* **Activity**:
Write out the entries below exactly, from the first line to the one with "Photo - 1000 Division St S", both ends included.

* **Short text fragments from websites**:
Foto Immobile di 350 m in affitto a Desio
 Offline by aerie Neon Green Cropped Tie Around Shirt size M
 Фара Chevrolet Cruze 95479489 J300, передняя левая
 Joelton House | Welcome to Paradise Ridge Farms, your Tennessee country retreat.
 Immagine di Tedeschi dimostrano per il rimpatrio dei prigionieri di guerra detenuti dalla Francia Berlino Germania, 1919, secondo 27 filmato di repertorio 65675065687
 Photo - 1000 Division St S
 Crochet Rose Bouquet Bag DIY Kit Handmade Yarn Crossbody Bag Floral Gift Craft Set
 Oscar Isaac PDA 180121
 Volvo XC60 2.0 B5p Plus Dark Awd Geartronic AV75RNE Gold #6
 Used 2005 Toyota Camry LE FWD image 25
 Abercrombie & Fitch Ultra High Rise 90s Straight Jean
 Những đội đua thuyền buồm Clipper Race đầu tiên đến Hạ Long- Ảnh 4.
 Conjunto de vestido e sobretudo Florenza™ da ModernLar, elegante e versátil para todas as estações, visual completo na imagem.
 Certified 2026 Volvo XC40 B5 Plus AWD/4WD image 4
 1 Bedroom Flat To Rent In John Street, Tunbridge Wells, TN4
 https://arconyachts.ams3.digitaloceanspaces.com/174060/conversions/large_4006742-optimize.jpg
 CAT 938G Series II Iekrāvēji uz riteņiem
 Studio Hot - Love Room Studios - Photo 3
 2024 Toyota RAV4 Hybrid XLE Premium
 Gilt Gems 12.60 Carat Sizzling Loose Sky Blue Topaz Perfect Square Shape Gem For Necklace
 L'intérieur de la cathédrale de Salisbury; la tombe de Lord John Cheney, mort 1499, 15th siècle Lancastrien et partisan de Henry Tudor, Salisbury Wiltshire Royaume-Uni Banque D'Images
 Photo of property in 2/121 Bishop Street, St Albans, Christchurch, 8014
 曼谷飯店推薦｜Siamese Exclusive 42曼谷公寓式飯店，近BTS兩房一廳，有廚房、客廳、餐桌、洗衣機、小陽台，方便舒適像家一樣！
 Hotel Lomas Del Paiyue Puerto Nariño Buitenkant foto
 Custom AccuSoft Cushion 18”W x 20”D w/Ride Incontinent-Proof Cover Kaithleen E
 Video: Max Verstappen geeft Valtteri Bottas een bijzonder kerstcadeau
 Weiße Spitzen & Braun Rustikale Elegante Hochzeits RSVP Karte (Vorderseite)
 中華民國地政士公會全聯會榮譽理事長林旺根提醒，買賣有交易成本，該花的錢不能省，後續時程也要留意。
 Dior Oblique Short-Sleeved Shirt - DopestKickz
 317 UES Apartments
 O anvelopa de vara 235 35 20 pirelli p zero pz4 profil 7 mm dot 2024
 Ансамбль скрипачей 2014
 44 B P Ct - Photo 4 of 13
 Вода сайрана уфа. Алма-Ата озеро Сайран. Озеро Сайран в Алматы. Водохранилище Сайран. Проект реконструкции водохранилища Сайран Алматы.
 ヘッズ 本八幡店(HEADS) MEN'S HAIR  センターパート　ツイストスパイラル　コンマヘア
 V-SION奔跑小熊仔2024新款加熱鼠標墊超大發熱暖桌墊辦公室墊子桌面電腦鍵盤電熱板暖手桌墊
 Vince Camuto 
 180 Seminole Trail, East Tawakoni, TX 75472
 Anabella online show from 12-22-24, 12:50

* **Task output**:
Foto Immobile di 350 m in affitto a Desio
 Offline by aerie Neon Green Cropped Tie Around Shirt size M
 Фара Chevrolet Cruze 95479489 J300, передняя левая
 Joelton House | Welcome to Paradise Ridge Farms, your Tennessee country retreat.
 Immagine di Tedeschi dimostrano per il rimpatrio dei prigionieri di guerra detenuti dalla Francia Berlino Germania, 1919, secondo 27 filmato di repertorio 65675065687
 Photo - 1000 Division St S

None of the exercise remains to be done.